> _Materials provided_
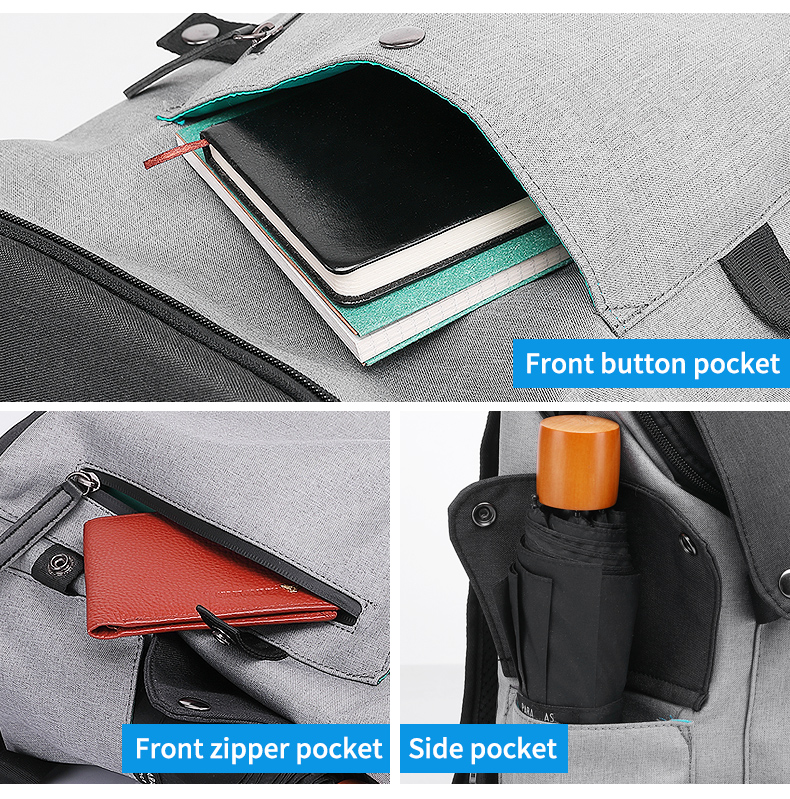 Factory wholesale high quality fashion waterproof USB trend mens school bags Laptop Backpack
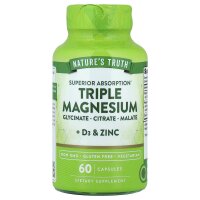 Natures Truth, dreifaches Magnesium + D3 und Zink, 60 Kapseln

---

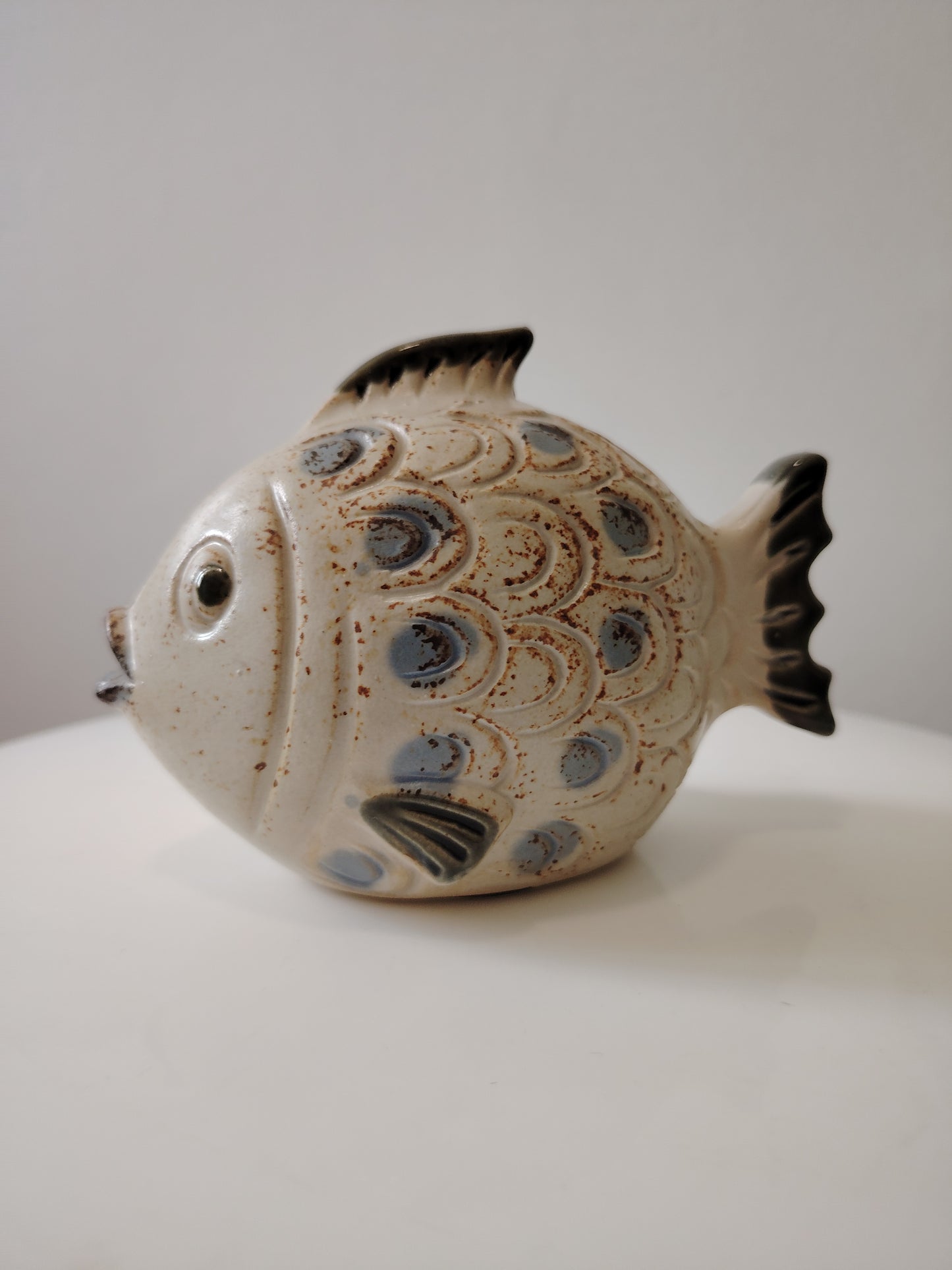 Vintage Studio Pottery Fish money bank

...

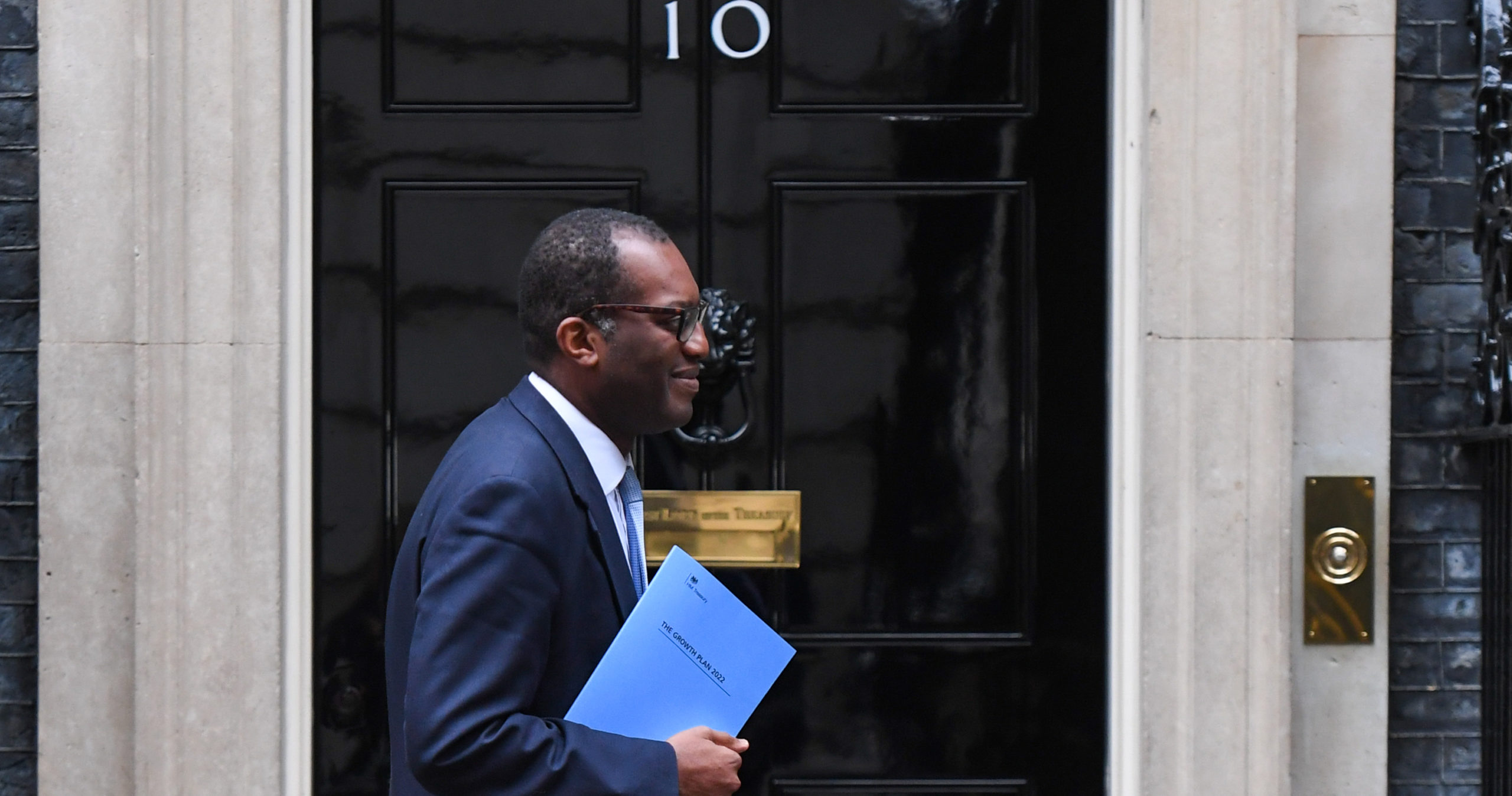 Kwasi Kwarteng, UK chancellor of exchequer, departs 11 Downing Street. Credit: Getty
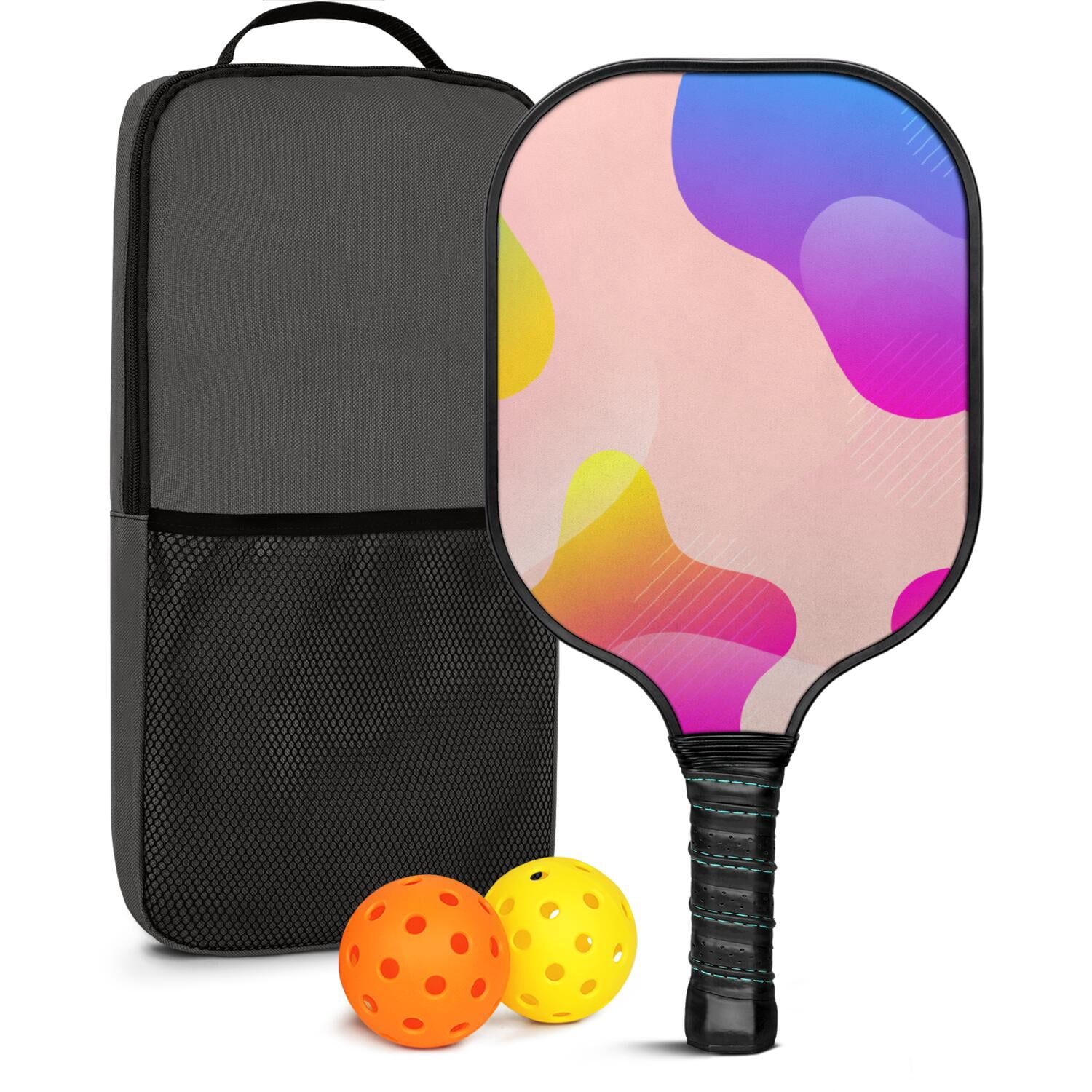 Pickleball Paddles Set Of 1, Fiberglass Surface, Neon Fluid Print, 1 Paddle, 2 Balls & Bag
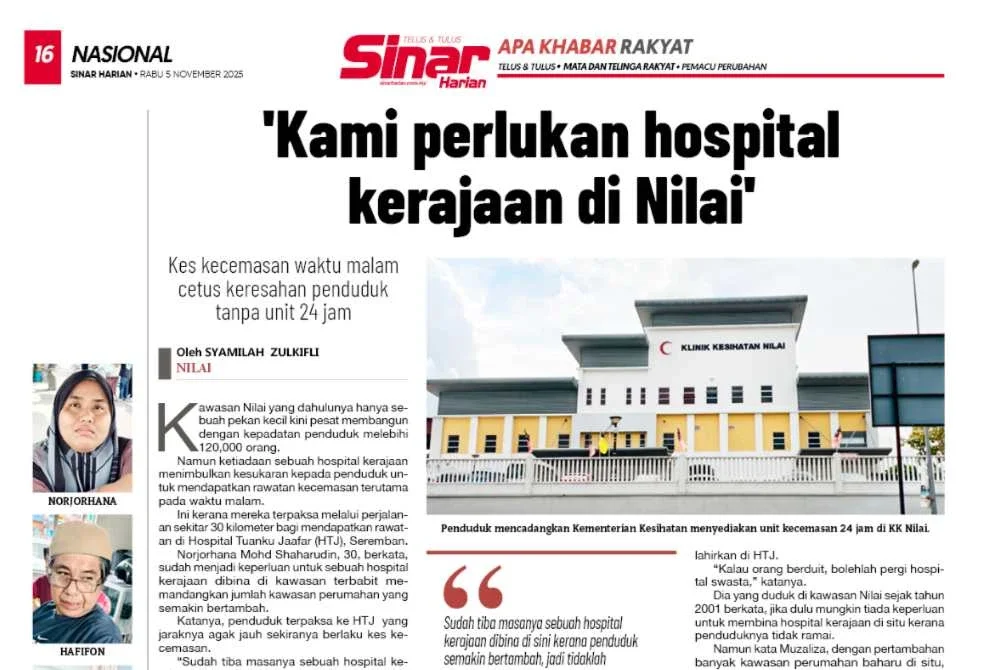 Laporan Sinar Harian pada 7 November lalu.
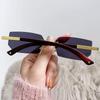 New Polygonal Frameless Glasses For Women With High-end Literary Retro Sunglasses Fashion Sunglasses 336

> _Problem requirements_
Using the records above, repeat exactly the run of lines that starts with the line with "Laporan Sinar Harian pada 7 November lalu." and goes on through the line with "New Polygonal Frameless"; omit each picture.

> _Written reply_
 Laporan Sinar Harian pada 7 November lalu.
 New Polygonal Frameless Glasses For Women With High-end Literary Retro Sunglasses Fashion Sunglasses 336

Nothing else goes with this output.